Erstellt 24.09.09, 08:58h, aktualisiert 24.09.09, 10:09h
Ahmadinedschad warf Israel einen "Völkermord" in den Palästinensergebieten vor. Das "zionistische Regime" gehe mit "barbarischen Attacken" gegen die Palästinenser vor. Mit Blick auf die Juden sprach er von einer "kleinen Gruppe" von Personen, die die Welt ökonomisch dominieren.
Deutschland und die anderen EU-Länder hatten sich darauf verständigt, den Raum im Falle antisemitischer Tiraden Ahmadinedschads zu verlassen. Der iranische Präsident hatte mit einer ähnlichen Rede auf einer UN-Konferenz im April in Genf einen Sturm der Entrüstung ausgelöst.
Der russische Präsident Dmitri Medwedew hat bei einem Treffen mit US-Präsident Barack Obama unterdessen weitere Iran-Sanktionen nicht ausgeschlossen. Es sei die Aufgabe beider Weltmächte, ein System von Anreizen für den Iran zu schaffen, das dem Land eine friedliche Nutzung der Atomenergie ermögliche, es aber zugleich am Besitz von Atomwaffen hindere, sagte Medwedew nach der Begegnung am Rande der UN-Vollversammlung in New York. Was Sanktionen betreffe, bleibe er bei seiner Auffassung, das sie selten zu produktiven Ergebnissen führten. "Aber in manchen Fällen sind Sanktionen unvermeidbar", fügte der russische Präsident hinzu.

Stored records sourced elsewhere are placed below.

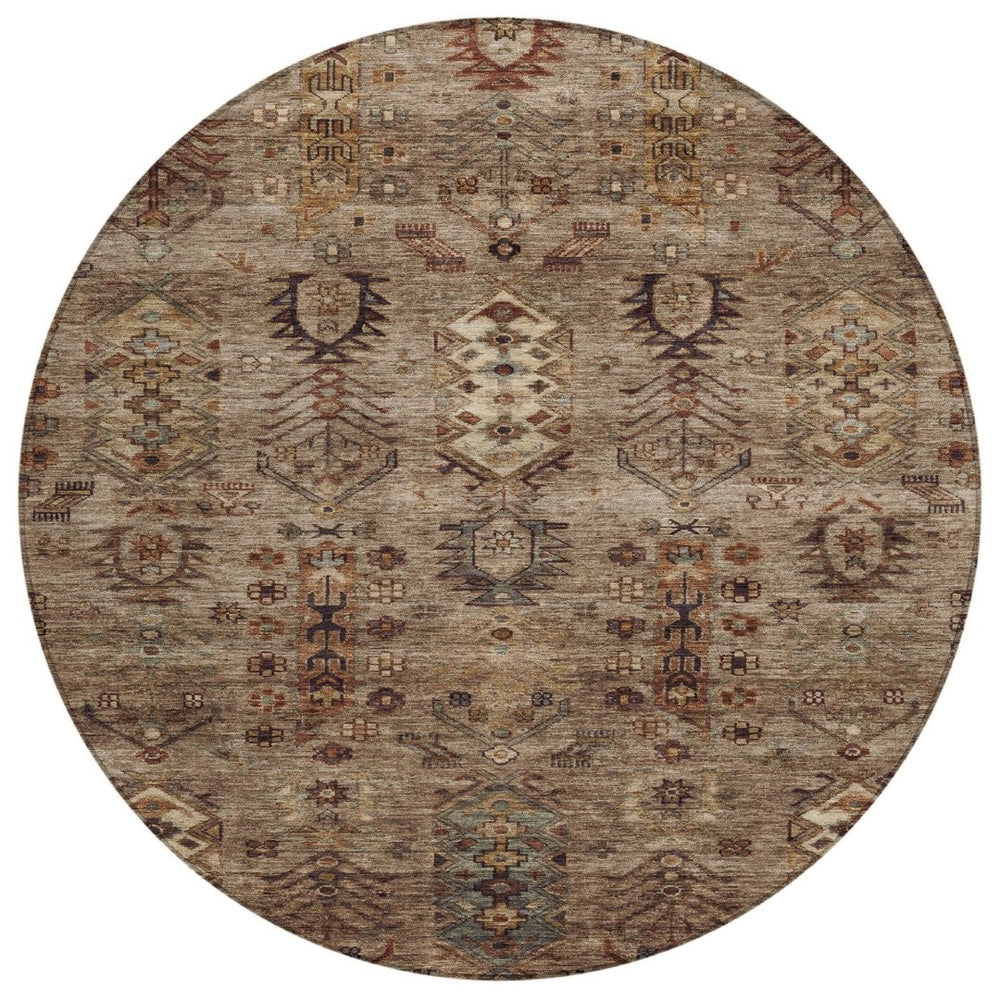 HomeRoots 8' Brown and Copper Round Tribal Area Rug - Durable, Washable, Indoor-Outdoor Design for Versatile Spaces 630149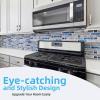imageArt3d 4 Sq Ft Glass Backsplash Tiles 32Piece Glass Peel and Stick for Kitchen or Bathroom 3quot x 6quot Subway White Backsplash TilesBlue Marble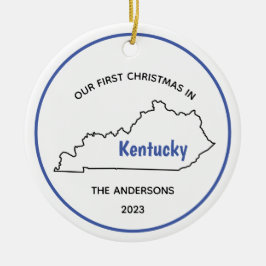 Adorno De Cerámica Modern Nuestros primeros Navidades en Kentucky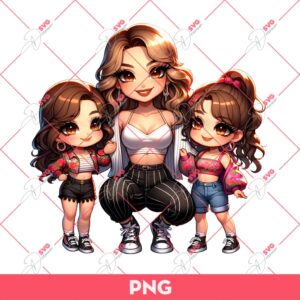 Chicana Mom And Daughters PNG, Mama Chingona PNG, Mothers Day PNG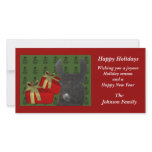 Black Llama Farm Animal Christmas Holiday Card photo cards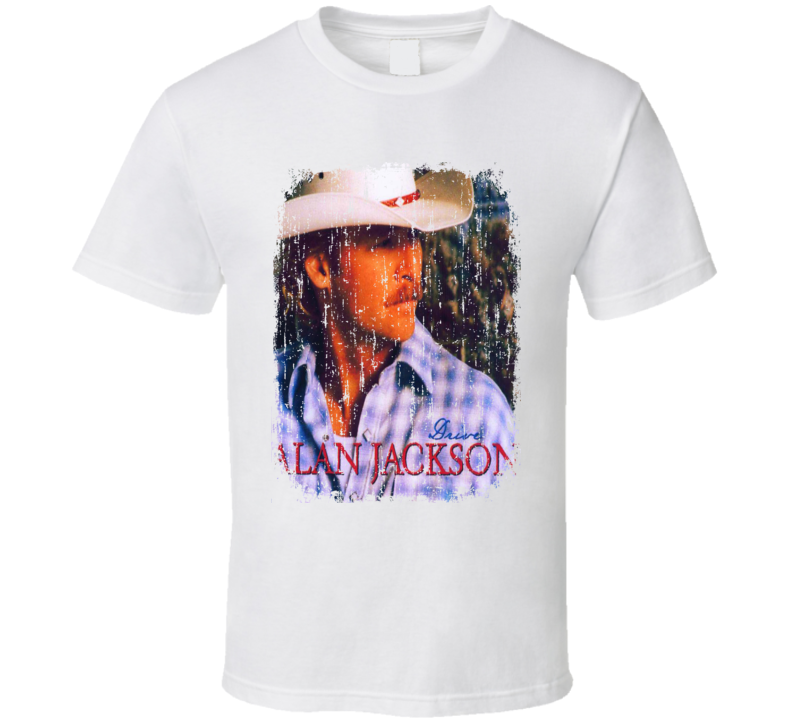 Alan Jackson Drive 2002 Great Country Album Worn Look Cover T Shirt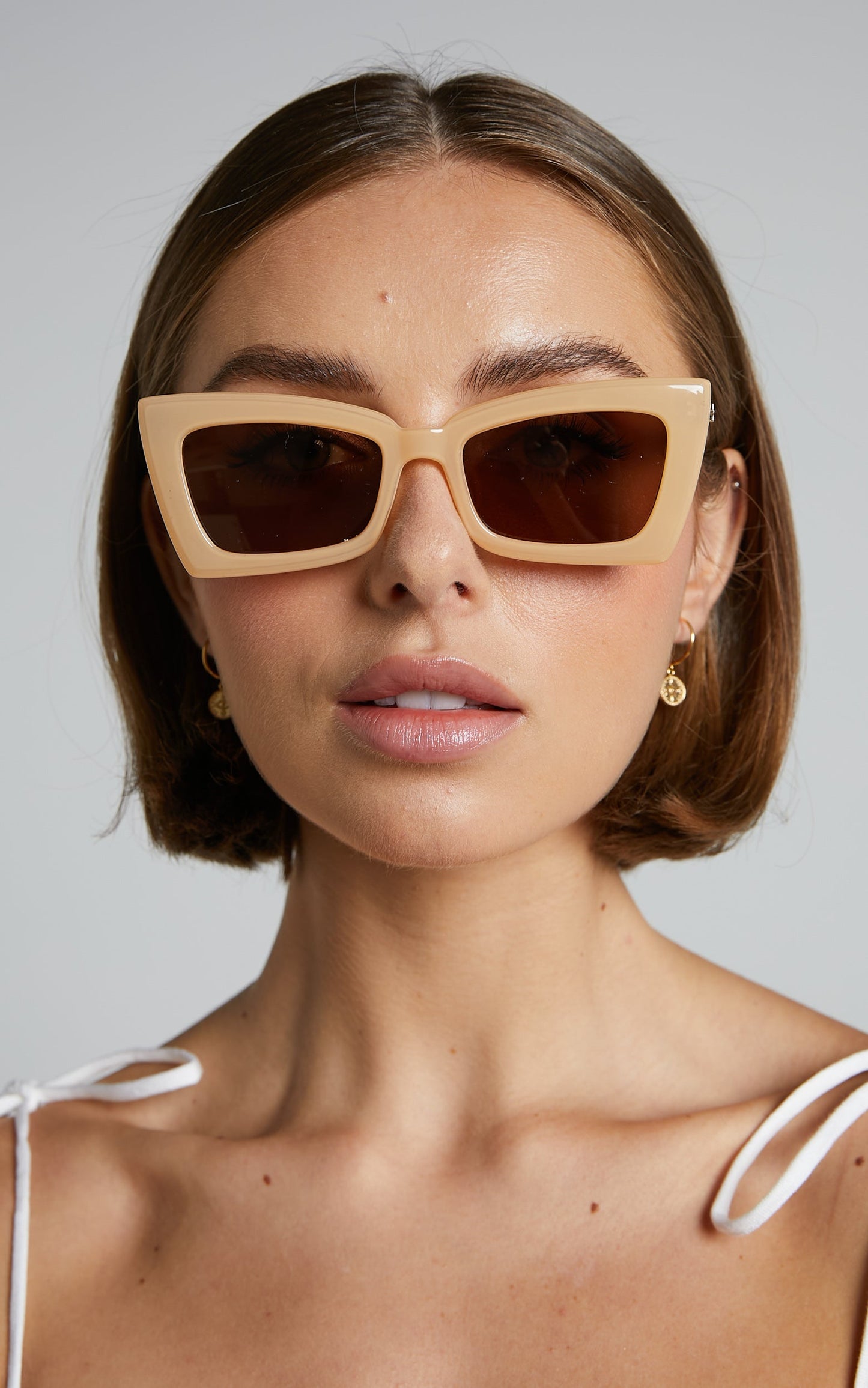 Peta and Jain - Gemini Sunglasses in Milky Nougat Frame / Brown Mono Lens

Obama betonte, der Iran habe gegen zu viele seiner internationalen Verpflichtungen verstoßen. Die USA und Russland stimmten darin überein, dass das Problem auf diplomatische Weise gelöst werden müsse. "Aber ich denke, dass wir beide auch darin übereinstimmen, dass, wenn der Iran nicht auf ernsthafte Verhandlungen reagiert...dass wir dann zusätzliche Maßnahmen ergreifen müssen und dass Sanktionen, ernste zusätzliche Sanktionen, eine Möglichkeit bleiben."
Medwedew und Obama hoben beide die gute Arbeitsbeziehung hervor, die sie im Laufe der vergangenen Monate entwickelt hätten. Beide äußerten sich auch zuversichtlich über das rechtzeitige Zustandekommen eines neuen START-Vertrages zur weiteren Verringerung strategischer Waffen. Das bisherige Abkommen läuft am 5. Dezember aus. (epd/dpa)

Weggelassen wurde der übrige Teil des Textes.